Instead we get two disc's of re-recorded classics and some shoddy bootleg video footage (provided you get the limited edition with DVD). Besides the added keyboards on a few tracks such as 'Carnal', 'Silent Empire' 'Dark Transmissions' and a cover or two, you're basically getting songs you already own played in EXACTLY the same way as the originals but with modern, polished production and the odd different lead break and/or drum fill. As well as these songs are performed, I can't help but think it's an unnecessary exercise as a whole.

Granted, by the time this was released, Vader were onto about label number four so the idea of showing their progression as songwriters, musicians and bigger studio budgets from album to album probably wasn't an option. For example: Metal Blade may have granted permission for the material they owned the rights to for use, but System Shock and Earache may not have, hence the re-recording idea.

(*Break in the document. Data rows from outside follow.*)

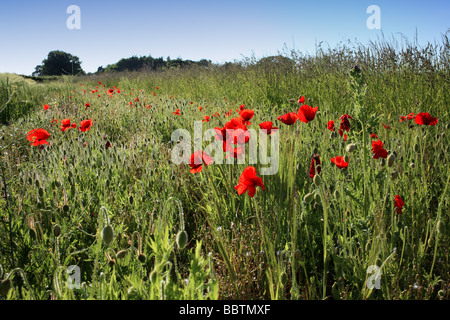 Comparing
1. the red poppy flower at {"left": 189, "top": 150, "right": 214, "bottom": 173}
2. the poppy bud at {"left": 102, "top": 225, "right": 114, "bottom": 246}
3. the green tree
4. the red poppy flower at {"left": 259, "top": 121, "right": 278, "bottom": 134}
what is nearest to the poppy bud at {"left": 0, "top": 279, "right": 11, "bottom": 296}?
the poppy bud at {"left": 102, "top": 225, "right": 114, "bottom": 246}

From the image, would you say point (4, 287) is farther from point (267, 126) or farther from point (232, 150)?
point (267, 126)

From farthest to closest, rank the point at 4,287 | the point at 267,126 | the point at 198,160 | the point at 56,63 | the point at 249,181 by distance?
1. the point at 56,63
2. the point at 267,126
3. the point at 198,160
4. the point at 249,181
5. the point at 4,287

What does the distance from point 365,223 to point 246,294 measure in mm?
584

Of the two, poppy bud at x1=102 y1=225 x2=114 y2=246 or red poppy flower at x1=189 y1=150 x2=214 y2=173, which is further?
red poppy flower at x1=189 y1=150 x2=214 y2=173

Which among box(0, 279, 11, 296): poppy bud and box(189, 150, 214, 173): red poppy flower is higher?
box(189, 150, 214, 173): red poppy flower

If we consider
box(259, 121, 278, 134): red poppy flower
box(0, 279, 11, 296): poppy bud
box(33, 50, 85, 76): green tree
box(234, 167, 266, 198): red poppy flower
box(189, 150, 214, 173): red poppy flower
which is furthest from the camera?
box(33, 50, 85, 76): green tree

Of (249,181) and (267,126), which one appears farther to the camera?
(267,126)

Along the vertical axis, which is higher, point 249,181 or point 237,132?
point 237,132

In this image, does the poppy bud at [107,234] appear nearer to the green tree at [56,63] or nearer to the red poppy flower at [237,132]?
the red poppy flower at [237,132]

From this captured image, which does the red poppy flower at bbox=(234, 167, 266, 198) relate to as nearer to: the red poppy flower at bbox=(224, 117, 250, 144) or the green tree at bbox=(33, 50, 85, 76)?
the red poppy flower at bbox=(224, 117, 250, 144)

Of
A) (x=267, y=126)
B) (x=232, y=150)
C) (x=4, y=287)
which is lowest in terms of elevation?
(x=4, y=287)

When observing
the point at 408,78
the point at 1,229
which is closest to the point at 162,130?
the point at 1,229

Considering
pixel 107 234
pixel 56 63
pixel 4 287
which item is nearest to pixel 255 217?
pixel 107 234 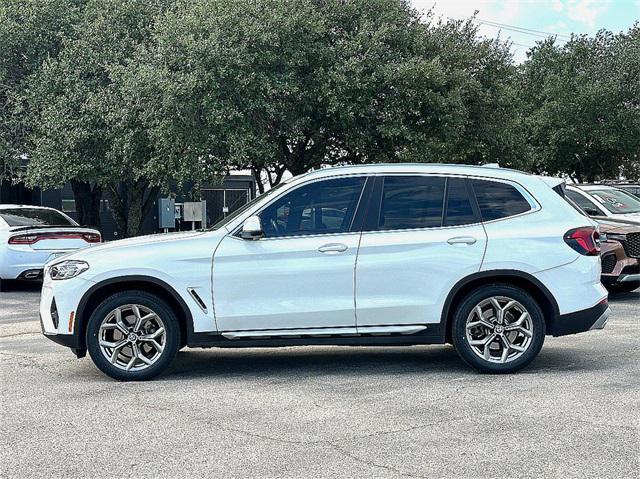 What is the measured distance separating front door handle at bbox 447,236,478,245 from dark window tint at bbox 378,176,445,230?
0.66ft

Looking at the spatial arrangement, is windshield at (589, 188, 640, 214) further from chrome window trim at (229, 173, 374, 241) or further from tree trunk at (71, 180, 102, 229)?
tree trunk at (71, 180, 102, 229)

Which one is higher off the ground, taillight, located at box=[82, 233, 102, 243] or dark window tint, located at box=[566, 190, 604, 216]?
dark window tint, located at box=[566, 190, 604, 216]

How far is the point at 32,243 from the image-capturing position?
1474 centimetres

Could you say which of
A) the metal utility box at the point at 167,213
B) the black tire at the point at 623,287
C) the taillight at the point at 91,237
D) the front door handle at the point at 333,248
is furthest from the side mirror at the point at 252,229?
the metal utility box at the point at 167,213

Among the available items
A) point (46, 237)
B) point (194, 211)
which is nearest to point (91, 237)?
point (46, 237)

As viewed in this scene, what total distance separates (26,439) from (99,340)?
183 cm

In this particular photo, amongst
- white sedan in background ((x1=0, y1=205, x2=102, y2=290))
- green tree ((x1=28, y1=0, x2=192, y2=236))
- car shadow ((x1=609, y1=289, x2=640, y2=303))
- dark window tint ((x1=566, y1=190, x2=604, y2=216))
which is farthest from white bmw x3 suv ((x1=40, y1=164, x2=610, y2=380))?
green tree ((x1=28, y1=0, x2=192, y2=236))

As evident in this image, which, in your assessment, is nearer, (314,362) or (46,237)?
(314,362)

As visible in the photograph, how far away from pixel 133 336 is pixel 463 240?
9.79 feet

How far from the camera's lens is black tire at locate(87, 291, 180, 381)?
7.27 meters

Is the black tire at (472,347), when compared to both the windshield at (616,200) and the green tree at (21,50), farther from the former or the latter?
the green tree at (21,50)

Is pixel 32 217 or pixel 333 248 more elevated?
pixel 32 217

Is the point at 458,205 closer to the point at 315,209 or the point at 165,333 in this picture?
the point at 315,209

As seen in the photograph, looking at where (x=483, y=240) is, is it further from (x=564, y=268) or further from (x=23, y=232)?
(x=23, y=232) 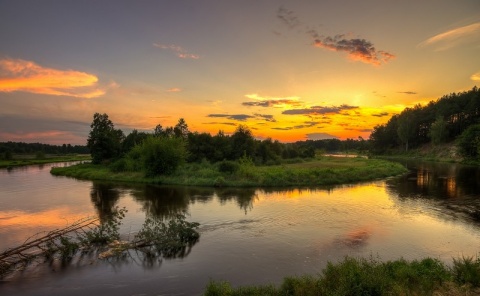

Label politics aside, this is what I would have done if I was Peter: Held onto the 'And Blood Was Shed In Warsaw' DVD for another year, added a documentary DVD, much like the previously mentioned Cannibal career retrospective, which would include interviews with past members and show footage of the early days as well as some of the better quality bootleg material. A CD would be included packed (and given the average length of a Vader song, you could get at least 20 of the vicious little bastards to a disc), of previously unreleased/rare material like demo's, album left overs, live tracks and a few (just a few), re-recorded songs. This is how I would have a celebrated 25 years of top quality and always dependable death metal. The only real significant feature to my mind is that it was the last recording of the Peter/Mauser/Novy/Daray line-up.

Yes, I'm a huge Vader fan so naturally I brought this a few days after its release, but I can't help feeling short-changed. The price of being a die-hard I suppose.